Author: Les Cottrell. Created: November 14, 2000
Set up to advise/provide guiding vision & advocacy for ESSC on research support/activities for ESnet that advance collaborative activities, to identify program requirements & opportunities for testing expanded network capabilities, a forum for coordination of ESnet testbed activities and recommending the deployment of new research support services. The members are Wing (ORNL), Leighton (ESnet), Catlett (ANL), Johnston (LBNL), Winkler (ANL), Bair (PNNL), Livny (Wisconsin), Newman (Caltech), Zcharia (ORNL). Big emphasis today is support for Grids. Focus so far appears to be on test-beds and how to get access for different types of applications. Concerning membership, concerns should be raised to the ESnet steering committee.
Included current plans/activities supporting network research and an overview of opportunities for collaboration with ESnet3 industry partners. DSG (DoE Science Grid) is an implementation of Grid within the DOE unclassified science area. Production services can help anchor the DSG as it moves from pilot to production status. ESnet is a default choice for many of the "core" services such as PKI, collaboration service center, bandwidth reservation.

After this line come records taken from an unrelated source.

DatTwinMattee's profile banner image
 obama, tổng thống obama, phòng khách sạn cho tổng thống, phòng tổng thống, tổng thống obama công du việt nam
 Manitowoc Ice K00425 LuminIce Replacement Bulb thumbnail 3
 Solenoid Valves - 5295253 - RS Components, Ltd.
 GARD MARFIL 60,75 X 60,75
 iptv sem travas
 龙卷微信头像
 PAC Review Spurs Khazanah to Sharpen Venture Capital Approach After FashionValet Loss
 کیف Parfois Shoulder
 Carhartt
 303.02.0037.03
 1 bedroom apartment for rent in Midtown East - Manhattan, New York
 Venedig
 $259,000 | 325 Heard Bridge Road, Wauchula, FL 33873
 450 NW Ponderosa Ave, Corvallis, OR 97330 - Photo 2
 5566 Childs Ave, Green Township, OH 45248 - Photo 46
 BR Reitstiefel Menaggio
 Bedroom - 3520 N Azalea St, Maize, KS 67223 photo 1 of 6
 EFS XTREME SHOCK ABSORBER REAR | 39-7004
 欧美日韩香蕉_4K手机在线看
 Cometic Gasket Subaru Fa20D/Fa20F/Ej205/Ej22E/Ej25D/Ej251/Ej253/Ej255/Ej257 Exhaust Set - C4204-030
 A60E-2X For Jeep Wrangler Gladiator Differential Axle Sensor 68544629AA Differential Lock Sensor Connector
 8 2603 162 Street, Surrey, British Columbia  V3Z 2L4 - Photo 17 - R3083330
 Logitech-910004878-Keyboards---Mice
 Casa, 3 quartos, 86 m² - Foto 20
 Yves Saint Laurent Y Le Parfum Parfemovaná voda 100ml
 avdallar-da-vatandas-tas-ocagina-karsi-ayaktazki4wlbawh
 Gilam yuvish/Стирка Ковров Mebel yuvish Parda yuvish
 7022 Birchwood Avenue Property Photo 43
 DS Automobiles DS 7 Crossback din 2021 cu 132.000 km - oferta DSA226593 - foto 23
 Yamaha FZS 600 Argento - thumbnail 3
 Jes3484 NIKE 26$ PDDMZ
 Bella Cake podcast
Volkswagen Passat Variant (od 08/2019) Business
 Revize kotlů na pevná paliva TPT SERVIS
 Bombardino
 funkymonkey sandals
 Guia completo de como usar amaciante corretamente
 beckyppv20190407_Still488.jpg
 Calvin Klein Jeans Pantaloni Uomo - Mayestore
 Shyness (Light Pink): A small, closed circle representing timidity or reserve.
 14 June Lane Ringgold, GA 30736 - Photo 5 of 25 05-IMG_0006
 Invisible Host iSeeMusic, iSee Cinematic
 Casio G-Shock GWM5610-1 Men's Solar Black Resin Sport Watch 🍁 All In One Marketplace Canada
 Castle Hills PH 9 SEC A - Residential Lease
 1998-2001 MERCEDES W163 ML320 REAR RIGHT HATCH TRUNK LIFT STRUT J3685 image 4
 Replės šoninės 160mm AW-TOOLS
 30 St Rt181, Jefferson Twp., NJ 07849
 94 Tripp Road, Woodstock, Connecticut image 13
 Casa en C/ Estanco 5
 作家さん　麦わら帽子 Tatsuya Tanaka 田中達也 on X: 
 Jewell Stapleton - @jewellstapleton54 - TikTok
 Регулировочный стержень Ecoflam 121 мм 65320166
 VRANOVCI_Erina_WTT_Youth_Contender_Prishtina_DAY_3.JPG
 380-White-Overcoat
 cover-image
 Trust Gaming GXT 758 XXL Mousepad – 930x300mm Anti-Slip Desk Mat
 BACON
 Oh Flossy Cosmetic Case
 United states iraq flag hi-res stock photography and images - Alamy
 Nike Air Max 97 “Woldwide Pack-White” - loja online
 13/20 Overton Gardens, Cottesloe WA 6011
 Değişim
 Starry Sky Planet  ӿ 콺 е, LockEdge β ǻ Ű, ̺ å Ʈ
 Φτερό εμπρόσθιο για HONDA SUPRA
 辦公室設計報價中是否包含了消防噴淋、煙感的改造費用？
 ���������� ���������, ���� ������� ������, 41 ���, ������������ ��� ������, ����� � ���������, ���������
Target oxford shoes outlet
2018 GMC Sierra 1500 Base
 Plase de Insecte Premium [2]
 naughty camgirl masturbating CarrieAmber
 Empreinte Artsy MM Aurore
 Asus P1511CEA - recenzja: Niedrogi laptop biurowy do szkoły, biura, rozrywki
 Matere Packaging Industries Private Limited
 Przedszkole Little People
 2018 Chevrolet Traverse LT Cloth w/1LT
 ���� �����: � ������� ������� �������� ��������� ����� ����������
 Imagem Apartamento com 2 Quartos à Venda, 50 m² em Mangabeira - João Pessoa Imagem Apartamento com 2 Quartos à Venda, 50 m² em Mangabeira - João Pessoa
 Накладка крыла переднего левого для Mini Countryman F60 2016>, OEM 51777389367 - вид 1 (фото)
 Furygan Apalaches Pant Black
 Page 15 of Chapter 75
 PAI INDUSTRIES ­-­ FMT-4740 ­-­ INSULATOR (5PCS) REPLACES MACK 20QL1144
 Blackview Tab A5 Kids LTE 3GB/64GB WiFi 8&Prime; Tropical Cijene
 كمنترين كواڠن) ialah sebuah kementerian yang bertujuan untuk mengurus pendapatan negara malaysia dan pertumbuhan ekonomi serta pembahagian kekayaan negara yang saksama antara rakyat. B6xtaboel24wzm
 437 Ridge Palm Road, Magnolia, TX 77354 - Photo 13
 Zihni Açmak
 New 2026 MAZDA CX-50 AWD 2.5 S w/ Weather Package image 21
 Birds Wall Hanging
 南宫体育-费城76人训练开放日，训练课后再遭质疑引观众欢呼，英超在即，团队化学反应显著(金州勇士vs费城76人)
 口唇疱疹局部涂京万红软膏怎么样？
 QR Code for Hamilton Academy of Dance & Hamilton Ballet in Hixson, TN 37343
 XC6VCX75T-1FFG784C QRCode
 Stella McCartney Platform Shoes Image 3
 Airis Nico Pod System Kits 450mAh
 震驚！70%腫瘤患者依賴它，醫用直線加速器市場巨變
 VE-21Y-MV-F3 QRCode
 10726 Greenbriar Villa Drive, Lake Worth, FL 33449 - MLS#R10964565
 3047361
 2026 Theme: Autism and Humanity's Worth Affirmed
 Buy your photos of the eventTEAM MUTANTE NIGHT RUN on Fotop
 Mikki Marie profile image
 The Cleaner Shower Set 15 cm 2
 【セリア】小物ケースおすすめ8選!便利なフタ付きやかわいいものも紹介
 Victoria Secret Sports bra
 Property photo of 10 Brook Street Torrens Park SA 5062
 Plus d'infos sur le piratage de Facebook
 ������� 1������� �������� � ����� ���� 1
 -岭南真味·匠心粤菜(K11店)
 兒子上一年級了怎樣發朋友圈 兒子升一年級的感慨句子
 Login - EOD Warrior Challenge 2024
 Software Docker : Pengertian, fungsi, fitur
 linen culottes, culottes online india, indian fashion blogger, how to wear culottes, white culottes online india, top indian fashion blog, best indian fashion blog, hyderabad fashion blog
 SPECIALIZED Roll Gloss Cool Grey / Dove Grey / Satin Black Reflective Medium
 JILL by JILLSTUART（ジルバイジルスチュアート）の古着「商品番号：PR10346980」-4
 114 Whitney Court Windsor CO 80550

Possible areas of involvements: applied network research, digital collaboration services, DSG network testbed, Grid directory services, network bandwidth management, X.509 certificate authority and certificate service.
The vision is to make the existing ESnet digital collaboration services into pilot level DSG services. Includes collaboration support services, grid reservation, measurement and statistics, early applications of QoS enabled traffic (e.g. an application based QoS in the "petite" QoS model research reserved bandwidth and MPLS components), add streaming capability (i.e. webcast server both high and low end), webcast servers and H320<>H323 gateways. A second vision is to provide a "persistent" wide area network research testbed. There is an existing testbed incorporating SLAC/Sandia-CA/LBNL...
Another requirement is to allow "power users" to reserve large portions of available bandwidth for fixed periods of time. The needed resources are reserved in concert with other required grid resources and claimed at run time. ESnet is developing a simplified reservation agent and interface, an assumption is that "gonzo" reservations are sparse, i.e. a few authenticated users, few runs, few hours/run. Many complicated issues arise, authentication, authorization, accounting are essential., it is difficult to allocate a distributed resource, it is difficult to allocate/reserve a distributed service. A whole (bureaucratic) infrastructure (similar to reserving super computer resources) is required. A global view by a reservation agent is required, must find a network path that matches requirement, must set aside resources on the path, reserving MPLS path may be an initial answer, the network will provide poorer services to other users at run time and is this unacceptable. I raised the issue of a need for a scavenger QoS where the user can use all available but is placed at the back of queues so has minimal impact on others, this is a bit like the ATM UBR service.
There is a separate IPv6 testbed which will continue. There are routers available at ANL, LBNL, ORNL, SLAC and at STARTAP, have deployed a new IPv6 router at NYC hub. Will incorporate H323 IP based video conferencing into DCS
National Nuclear Security committee for weapons.
Advanced Scientific Computing (SC) advisory committee 1st meeting Oct 31 review. Membership from industry and Labs.
LSN still alive & well. Putting together a plan for post NGI activities (SII) to be reviewed by PITAC Sept 19. May start late May 2001.
DoE SBIR program is set by law at 2.6% of MICS budget, there is White Gouse interest, awarded $3.8M FY00, for FY01 expect $4.2M. Two areas: computational aspects, networking. (see http://wbir.ed.doe.gov/sbir/)
Peer reviews there will be periodic reviews of the FWP, with an emphasis on paper trail for review. There will be proposal peer reviews for any new proposals.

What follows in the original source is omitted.